What to work on
None of the images should appear in your copy. Transcribe the data in full.

The data
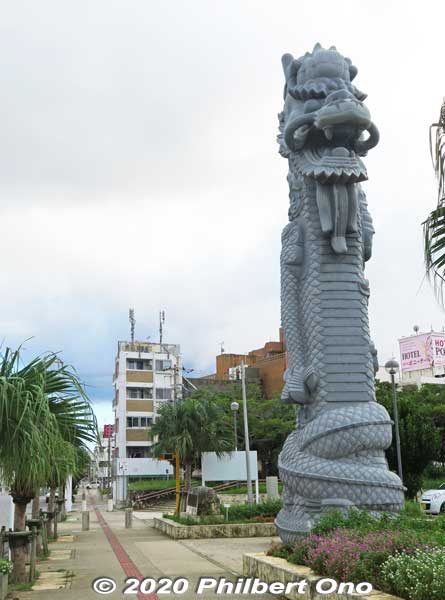 The Ryuchu dragon pillars are Naha-Fuzhou Friendship City Exchange Monuments.
Keywords: okinawa naha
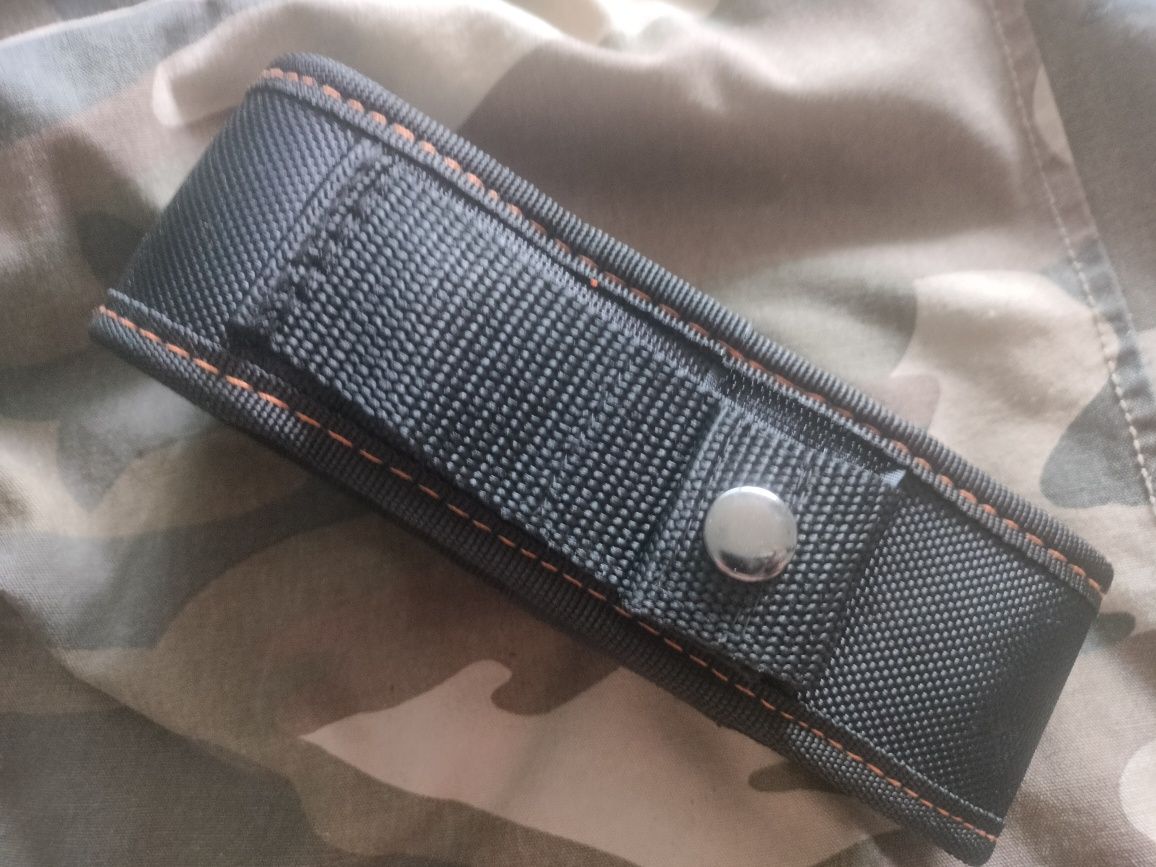 Latarka taktyczna Convoy M21C 8000LM LHP 73B zestaw z ogniwem i etui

Response to the exercise
 The Ryuchu dragon pillars are Naha-Fuzhou Friendship City Exchange Monuments.
Keywords: okinawa naha
 Latarka taktyczna Convoy M21C 8000LM LHP 73B zestaw z ogniwem i etui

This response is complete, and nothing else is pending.